TO DO:
Exactly as written, retype the lines that run from the line holding "Teknonet Apple iPad" through the end of the records below. Do not include pictures.

STUDY MATERIAL:
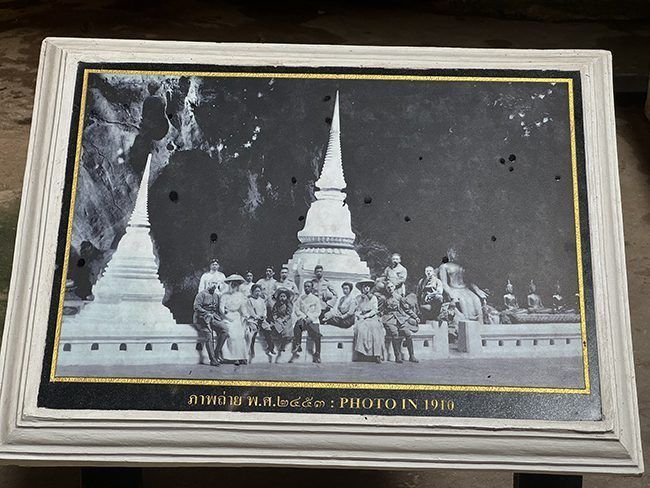 cueva tailandia phetchaburi
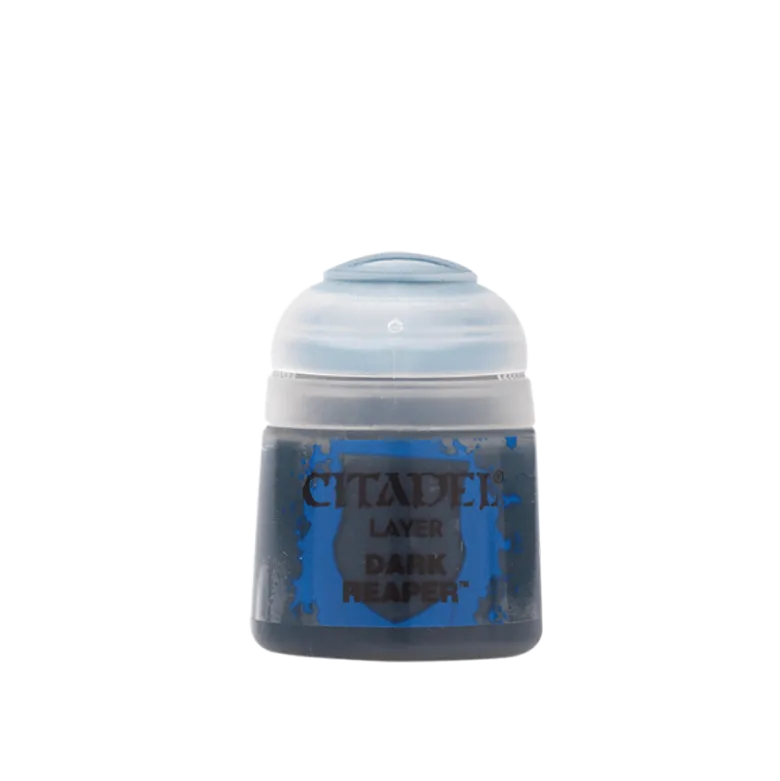 Farba Citadel Layer Dark Reaper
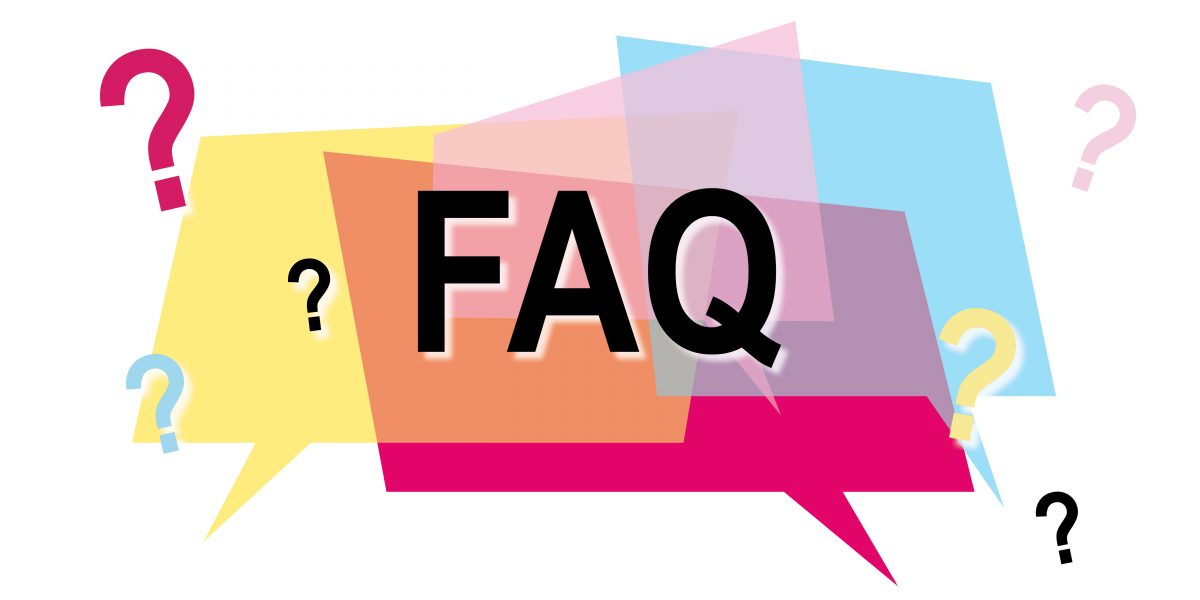 Xây dựng FAQ như thế nào?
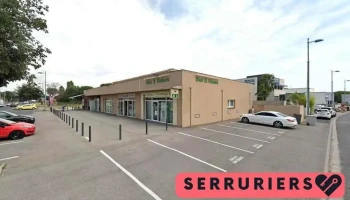 Sécuriclé - Argelès-Sur-Mer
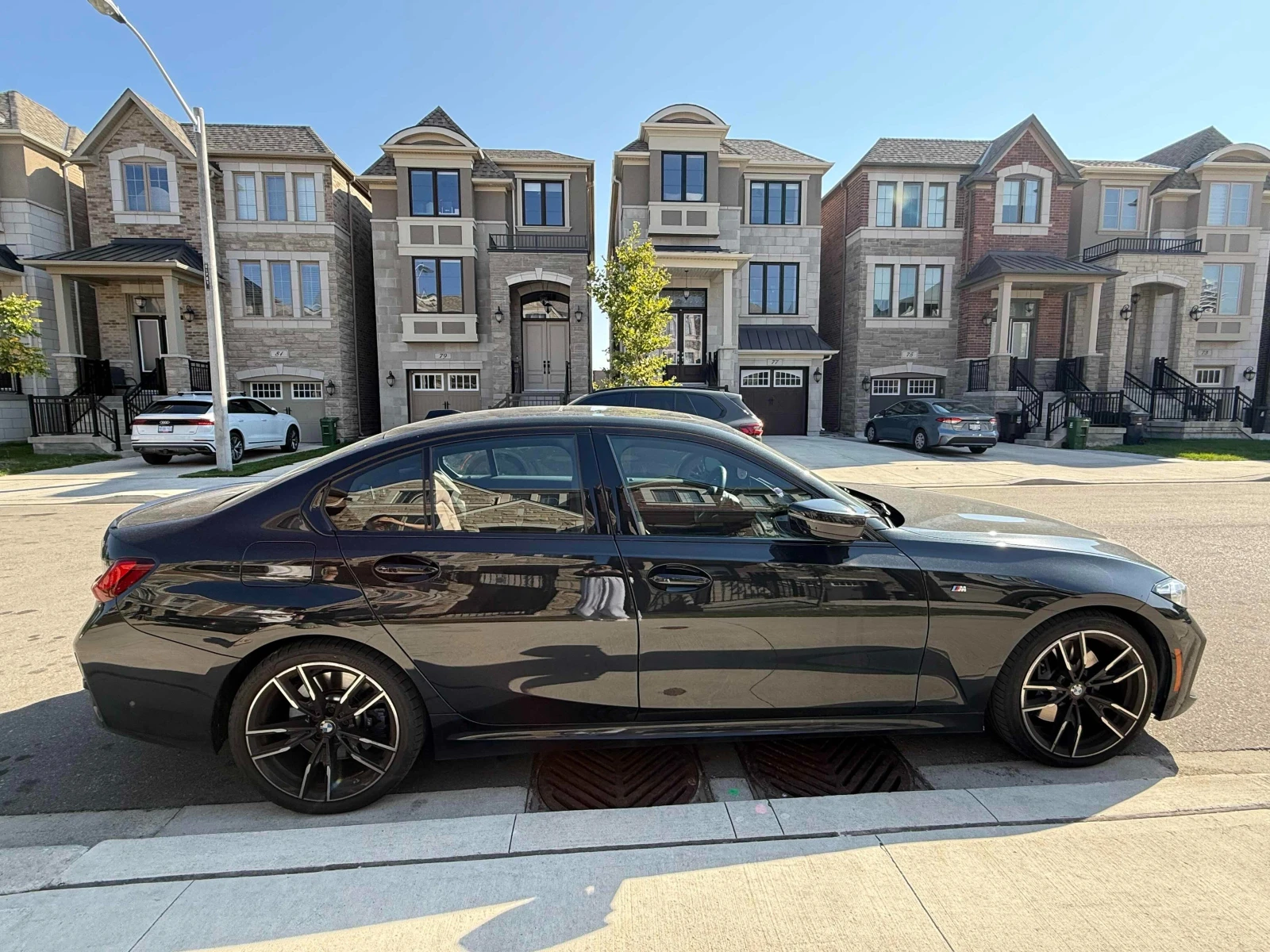 BMW 340 CARFAX * * АВТО КРЕДИТ * *  - изображение 3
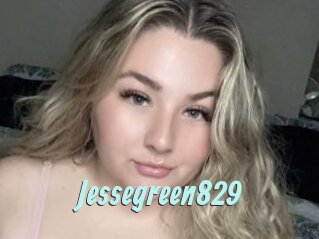 Jessegreen829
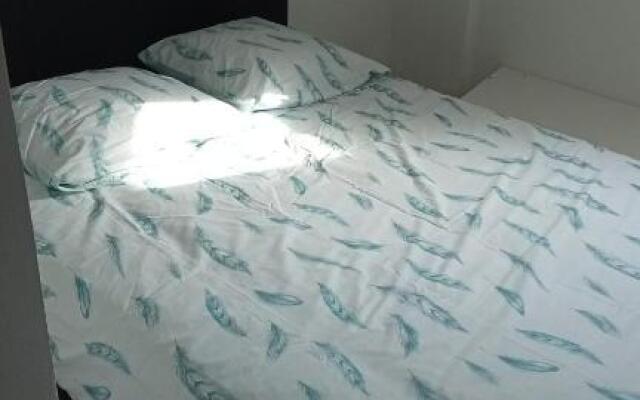 Petite maison de ville à Palavas-les-flots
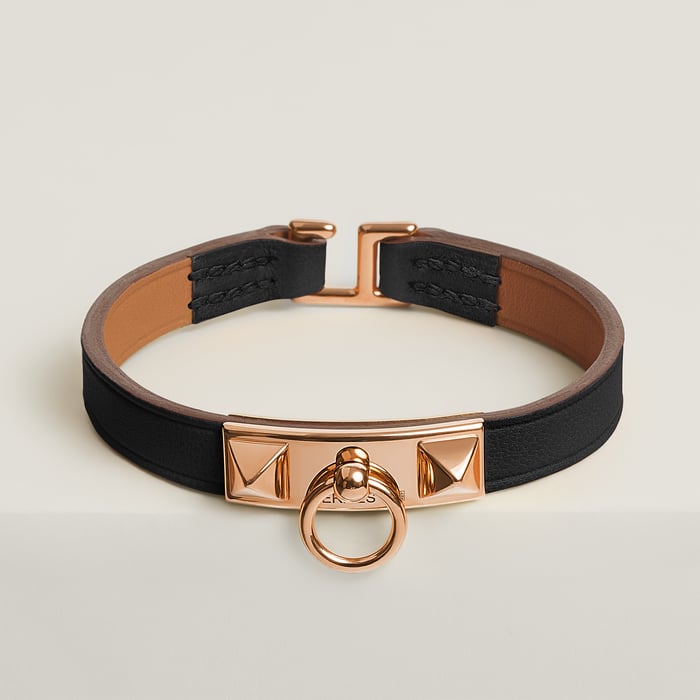 Noir Rivale Mini Bracelet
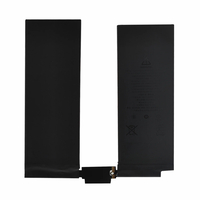 Teknonet Apple iPad Pro 11 inç 2.Nesil 2020 Uyumlu Nettech A2224 7545 mAh Batarya (Siyah) NT-96520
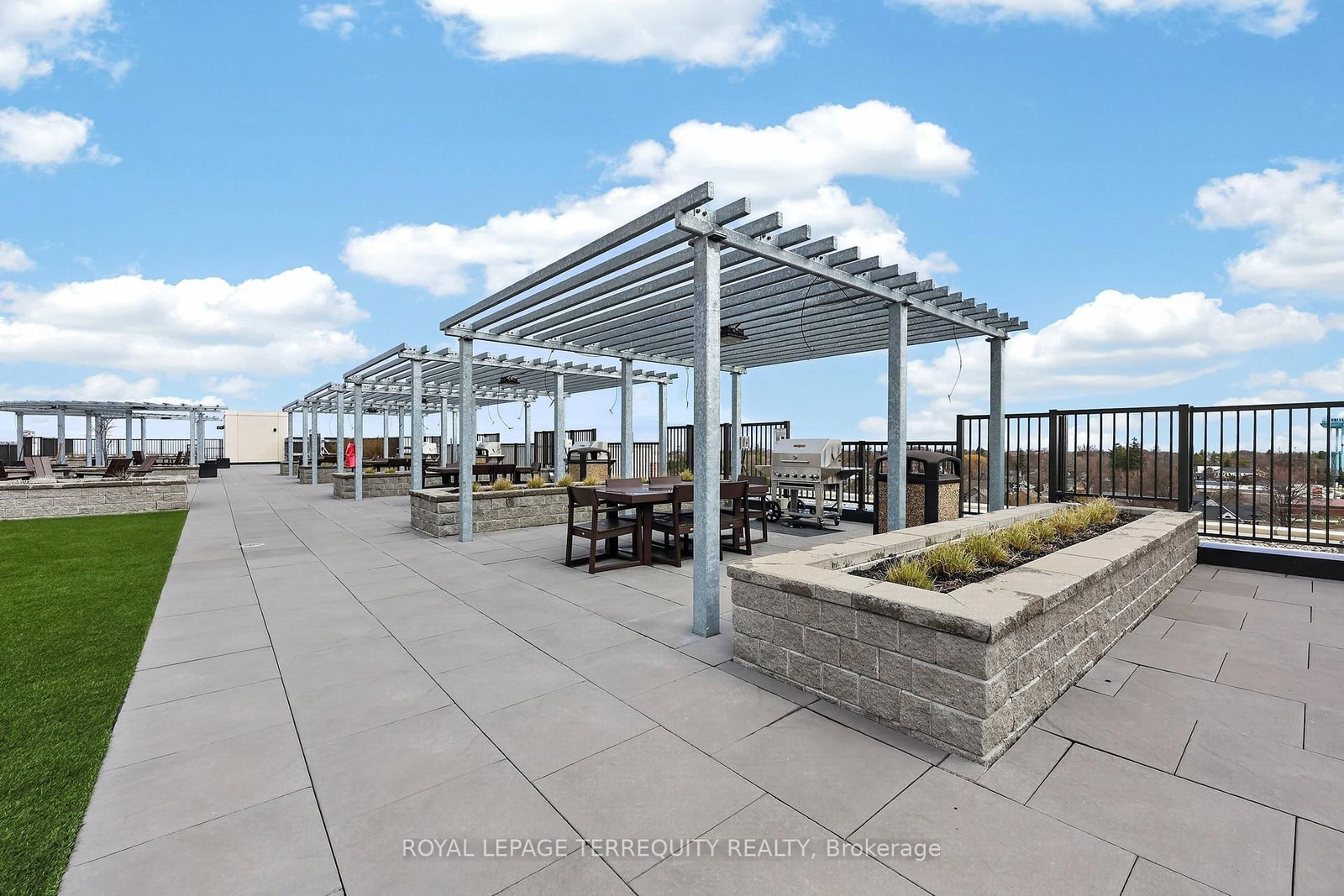 1 Hume Street, Unit PH 615 - Photo 45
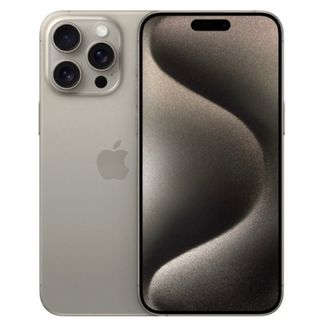 2台セット iPhone 15 Pro Max ナチュラルチタニウム 256GB(スマートフォン本体)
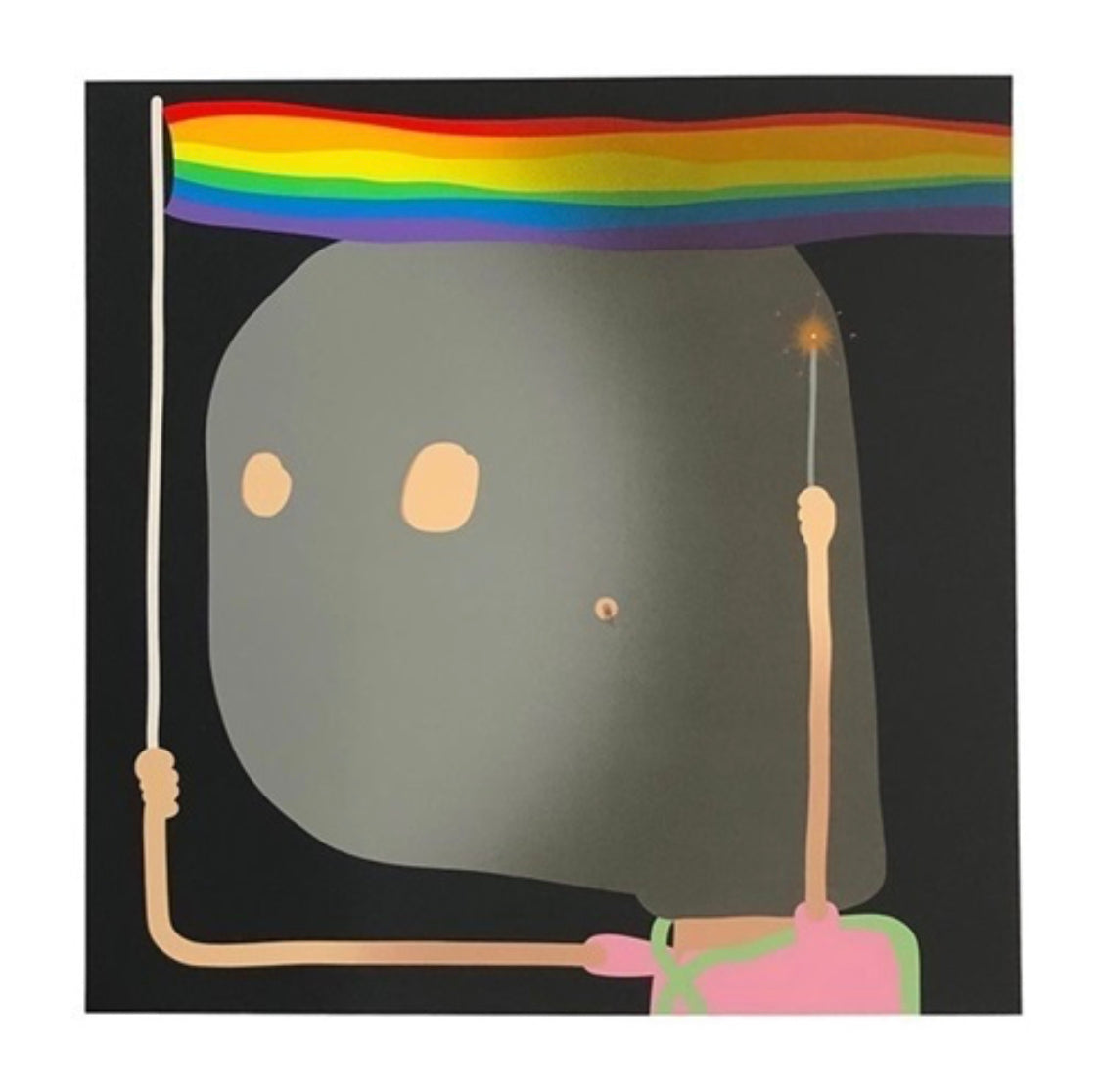 Oli Epp - Pride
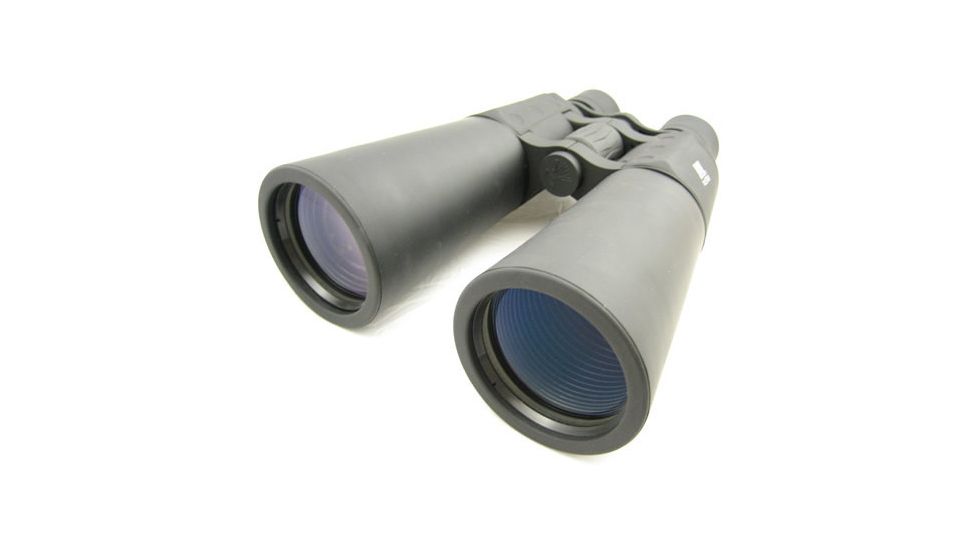 NcSTAR Full Size Binocular - 9x63 Binoculars / Green BN963G
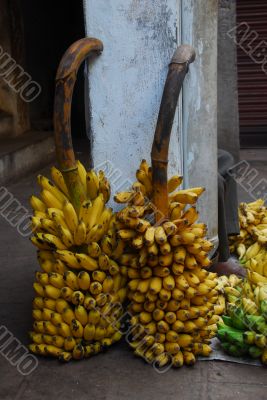 banana fruit for sale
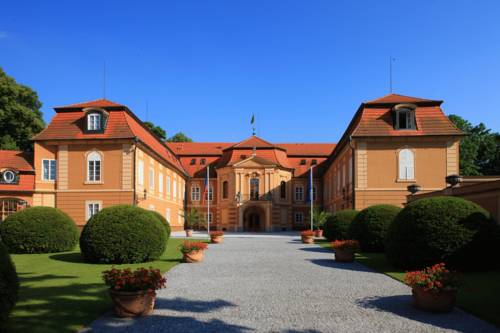 Kamenice Tschechien Rabattcode Booking.com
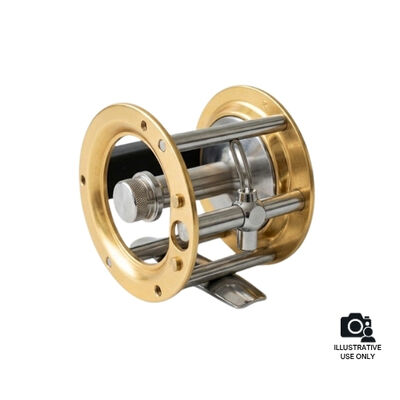 Abu Garcia 811710 Conventional Reel Frame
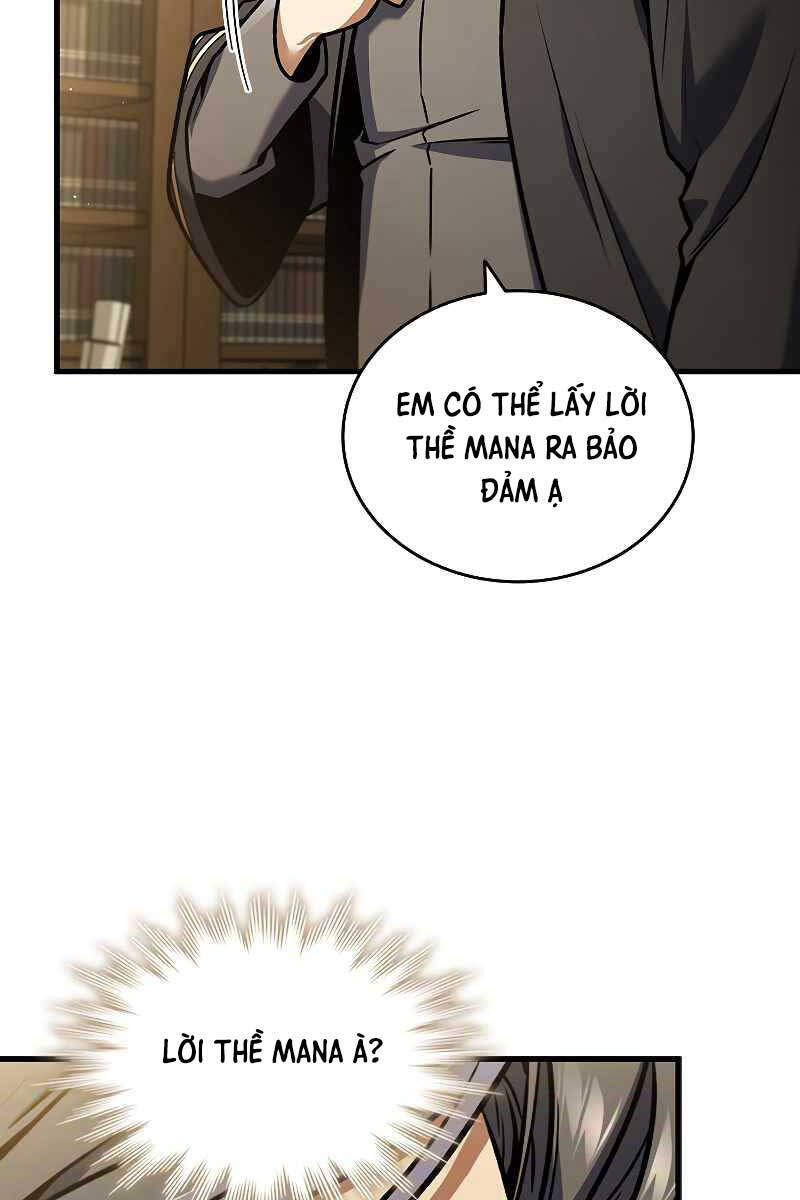 Thực Long Ma Pháp Sư Chap 4 - Next Chap 5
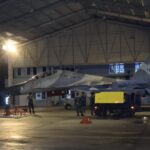 Tingkatkan Profisiensi Penerbang, Lanud Sultan Hasanuddin Gelar Latihan Terbang Malam Tingkatkan Profisiensi Penerbang, Lanud Sultan Hasanuddin Gelar Latihan Terbang Malam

SOLUTION FOR THIS PROBLEM:
 Teknonet Apple iPad Pro 11 inç 2.Nesil 2020 Uyumlu Nettech A2224 7545 mAh Batarya (Siyah) NT-96520
 1 Hume Street, Unit PH 615 - Photo 45
 2台セット iPhone 15 Pro Max ナチュラルチタニウム 256GB(スマートフォン本体)
 Oli Epp - Pride
 NcSTAR Full Size Binocular - 9x63 Binoculars / Green BN963G
 banana fruit for sale
 Kamenice Tschechien Rabattcode Booking.com
 Abu Garcia 811710 Conventional Reel Frame
 Thực Long Ma Pháp Sư Chap 4 - Next Chap 5
 Tingkatkan Profisiensi Penerbang, Lanud Sultan Hasanuddin Gelar Latihan Terbang Malam Tingkatkan Profisiensi Penerbang, Lanud Sultan Hasanuddin Gelar Latihan Terbang Malam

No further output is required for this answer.